Activity
Starting with the line that has "Eastern Redbud, Cercis canadensis" in the records below and stopping after the line that has "happy female nursery worker trimming plants in greenhouse happy", output every line exactly and nothing else; skip pictures.

Materials provided
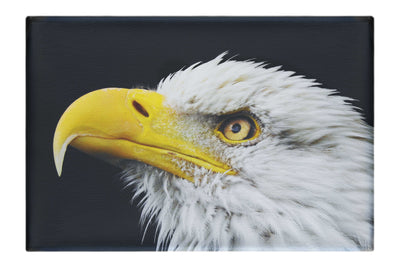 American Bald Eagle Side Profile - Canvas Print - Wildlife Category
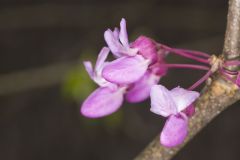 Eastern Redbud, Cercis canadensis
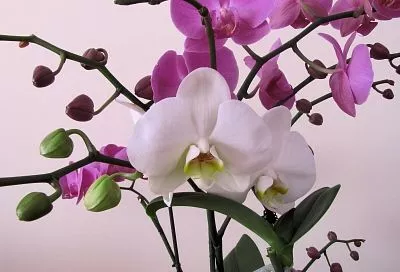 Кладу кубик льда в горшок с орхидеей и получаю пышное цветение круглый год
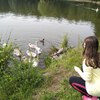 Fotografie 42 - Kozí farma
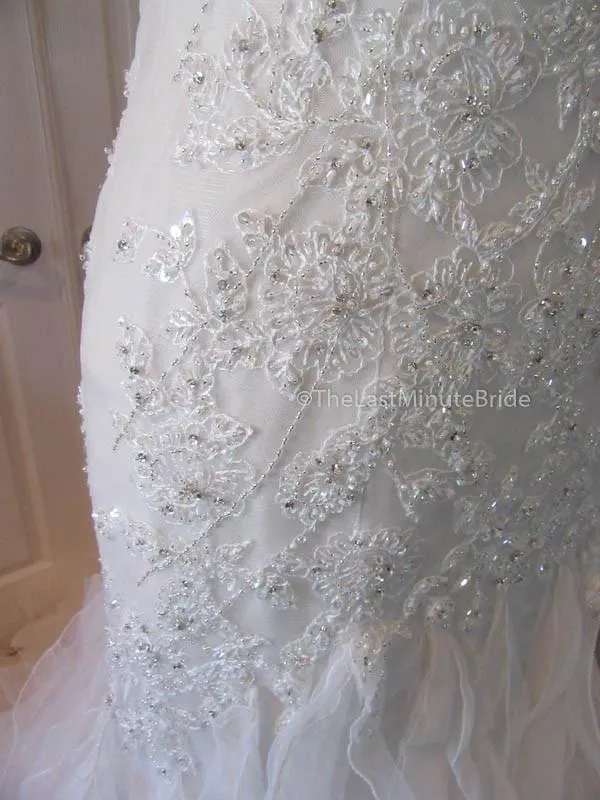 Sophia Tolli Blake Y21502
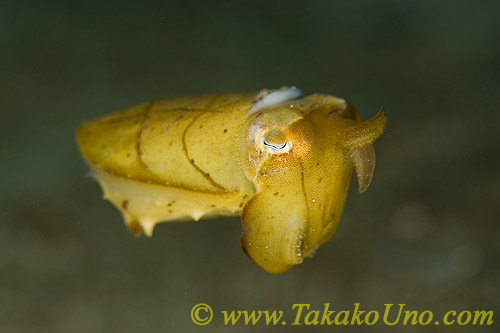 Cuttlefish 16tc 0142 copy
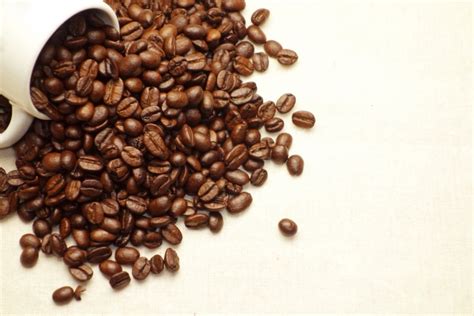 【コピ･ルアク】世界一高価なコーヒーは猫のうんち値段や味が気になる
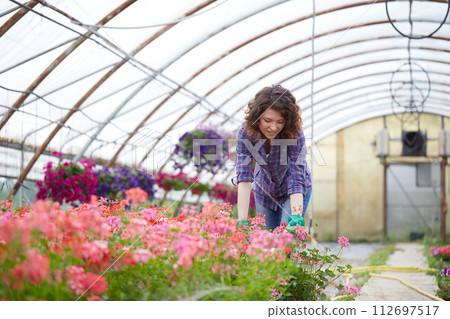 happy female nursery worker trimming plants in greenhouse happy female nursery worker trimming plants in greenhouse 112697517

==

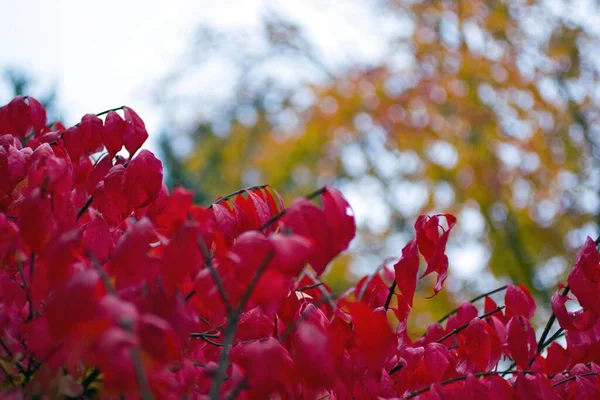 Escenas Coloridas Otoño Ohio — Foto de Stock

---

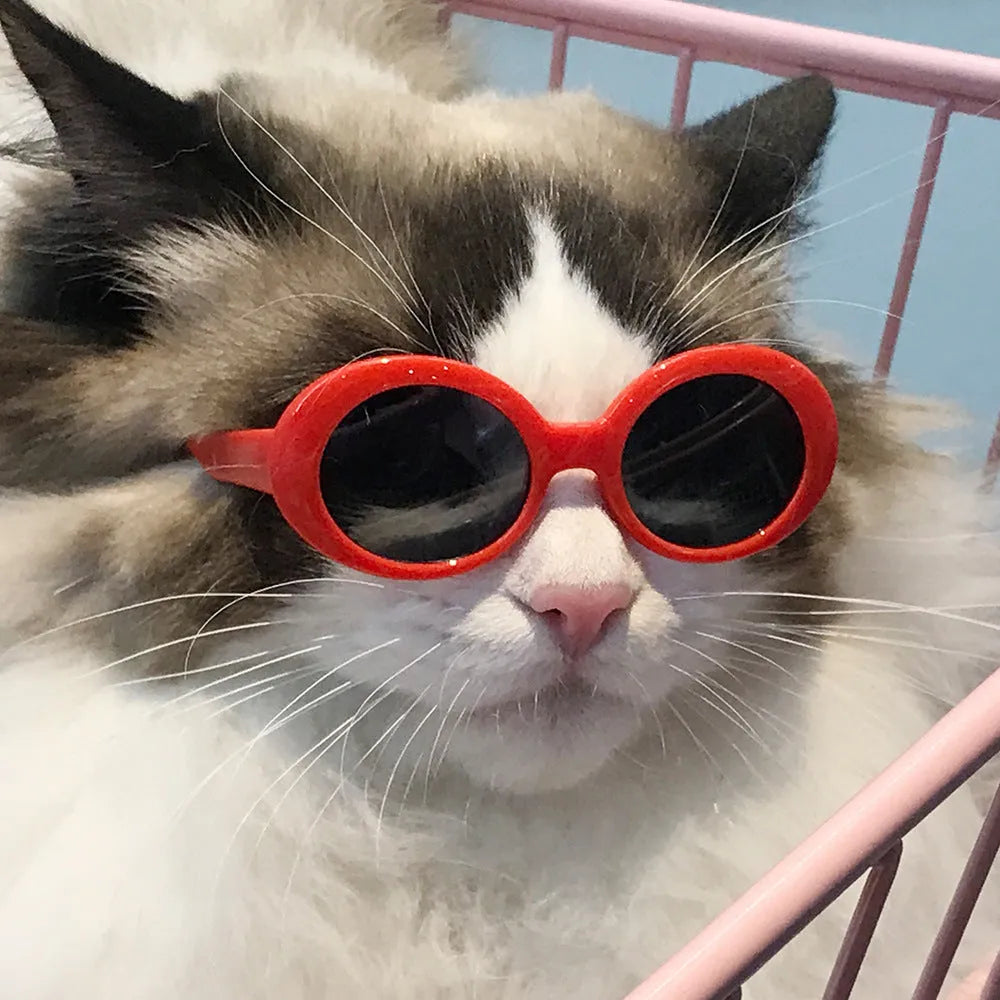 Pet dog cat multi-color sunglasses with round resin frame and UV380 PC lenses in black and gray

Solution to the exercise
 Eastern Redbud, Cercis canadensis
 Кладу кубик льда в горшок с орхидеей и получаю пышное цветение круглый год
 Fotografie 42 - Kozí farma
 Sophia Tolli Blake Y21502
 Cuttlefish 16tc 0142 copy
 【コピ･ルアク】世界一高価なコーヒーは猫のうんち値段や味が気になる
 happy female nursery worker trimming plants in greenhouse happy female nursery worker trimming plants in greenhouse 112697517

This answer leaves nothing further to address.